Let’s look at the function $f(x)=\dfrac{1}{1+25x^{2}}$ on the interval $[-1,1]$. This is what it looks like

Graph of f(x)

A graph of f(x) drawn using SAGE Math

 

Now given $n+1$ distinct points $x_{0}, x_{1}, \ldots , x_{n}$ in $[-1,1]$ and their corresponding $y$-values $y_{0}, y_{1}, \ldots , y_{n}$ then the Lagrange representation is defined as $$P_{n}=\sum_{j=0}^{n}y_{j}\ell_{j}$$ where $$\ell_{j}=\prod_{i=0,i\neq k}^{n}\dfrac{x-x_{i}}{x_{k}-x_{i}}$$

This representation can be proved to be unique and that $P(x_{i})=y_{i}$ but I don’t want to get sidetracked with this. So going back to the function $f(x)$ – first I’m going to choose $5$ equally-spaced points along the interval [-1,1]. The resulting interpolating polynomial looks as follows (I am not going to try to write an expression for the interpolating polynomials because they are very difficult to find explicitly and they don’t really tell us anything anyway)

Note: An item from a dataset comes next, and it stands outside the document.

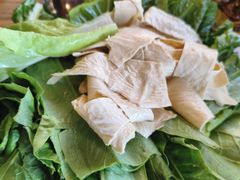 -三文彩虹鳟鱼庄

Lagrange representation of f(x)

Lagrange representation of f(x) with 5 equally spaced points

The interpolating curve is shown in red and $f(x)$ is shown in blue. This is not bad, after all we only have $5$ points to work with so we might expect that as the number of points increases we get a more accurate picture – right? Well…no. As the number of points increases we have to increase the degree of the interpolating polynomial and if we choose $10$ equally spaced points on the interval $[-1,1]$ we get this picture

Lagrange representation of f(x)

Lagrange representation of f(x) with 10 equally spaced points

Things are starting to go a bit awry – maybe if we increase the number of points even further then things will start to settle down. Let’s look what happens when we have $16$ equally spaced points.

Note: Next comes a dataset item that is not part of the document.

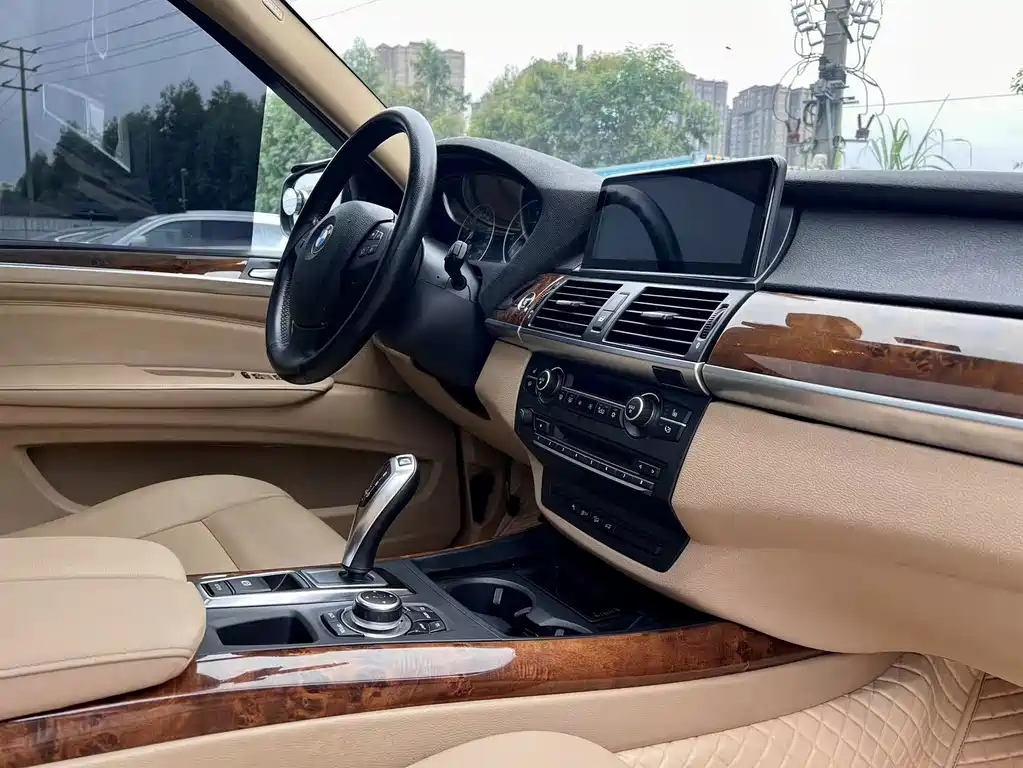 BMW X5 (Import) — миниатюра 15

Lagrange representation of f(x)

Lagrange representation of f(x) with 16 equally spaced points

Maybe that wasn’t such a good idea. Things are starting to get so out of control that as the number of interpolation points (and consequently the degree of the interpolating polynomial) increases, the interpolating polynomial oscillates wildly between both extremely large positive and extremely large negative values near the edges of the interval $[-1,1]$. This behaviour gets so bad $n$ increases that the interpolating polynomial grows without bound near the edges of the interval – this is known as Runge’s phenomenon and makes the interpolating polynomial practically useless.

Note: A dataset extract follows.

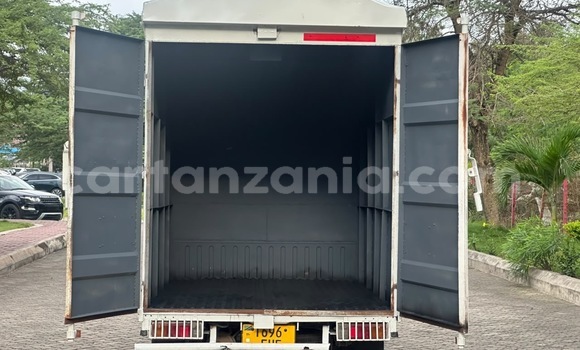 Buy Used Toyota Town Ace White Car in Dar es Salaam in Dar es Salaam Buy Used Toyota Town Ace White Car in Dar es Salaam in Dar es Salaam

One way around this is to choose a different set of interpolation points. One of the problems is the equal spacing of the points – to resolve this in part we can choose Chebyshev nodes. Using these Chebyshev nodes we get a very different picture – the following diagram shows what things look like when $10$ points are chosen

Lagrange representation of f(x)

Lagrange representation of f(x) using 10 Chebyshev nodes

Now compare that to what we had before and we see something that is much better behaved. Has Runge’s phenomenon been eliminated? Mostly, yes – but in truth it can never be completely eliminated; the Chebyshev nodes, however, massively reduce the effects of Runge’s phenomenon. Runge’s phenomenon does not always occur but it is something that can go wrong from time-to-time, so as with all numerical methods you have to take care when applying the method to solve problems; there may be another more suitable method that needs to be applied.